What Day Do You Burn Bayberry Candles?

Bayberry candles are a type of candle made from the waxy berries of the bayberry shrub, which is native to eastern North America. Bayberries have a long history of use, dating back to colonial times in America. The bayberry plant was used by early American settlers for making candles, soaps, and wax. The popularity of bayberry candles stems from their aromatic fragrance and cultural symbolism.

Bayberries were likely first used by Native Americans tribes who discovered that the waxy coating on the small gray berries could be extracted to make candle wax. The early American colonists learned the skill of harvesting bayberries and candle-making from the Native tribes. Small homemade bayberry candles became commonplace in colonial households, providing light during the cold winter months when whale oil and tallow were scarce. The labor-intensive process of extracting the tiny amounts of wax from each berry imbued bayberry candles with additional meaning and value.

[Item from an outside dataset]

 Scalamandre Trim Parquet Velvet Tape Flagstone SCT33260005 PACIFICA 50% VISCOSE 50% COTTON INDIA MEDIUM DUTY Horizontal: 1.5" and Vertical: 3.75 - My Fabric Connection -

Over time, bayberry candles became a beloved American colonial tradition, representing home, hearth, generosity, and hospitality. The aromatic spicy-sweet scent of burning bayberry candles grew to symbolize the warmth and joy of Christmas and holiday gatherings. The folklore around bayberries states that a candle lit on Christmas eve and left to fully burn through the night will bring good luck and fortune in the coming year.

Symbolism and Folklore

Bayberry candles have long been associated with good fortune, holiday traditions, and protective powers. According to folklore, burning a bayberry candle inside the home on New Year’s Eve is thought to bring money and prosperity in the coming year. This tradition stems from an old English verse that states:

A bayberry candle burned to the socket,
Brings food to the larder and gold to the pocket.

In America, this tradition transformed into burning bayberry candles on Christmas Eve to spread holiday cheer. The protective qualities of bayberries also made them a popular Yuletide decoration. People would hang branches of bayberries above their doors to ward off evil spirits and misfortune.

Beyond the holidays, bayberry candles were traditionally burned for a variety of other symbolic purposes. Sailors’ wives would keep a bayberry candle lit in the window to ensure their husbands’ safe return from sea. Bayberries were also burned to invite angels into the home or attract new love.

When to Burn Bayberry Candles

Many people burn bayberry candles for good luck and prosperity especially around the winter holidays. There are a few traditional times throughout the year when these candles are lit.

One of the most popular times to burn a bayberry candle is on New Year’s Eve. Lighting a bayberry candle on New Year’s Eve is thought to bring money and success in the coming year. The scent and crackling of this candle makes for a cozy way to ring in the new year.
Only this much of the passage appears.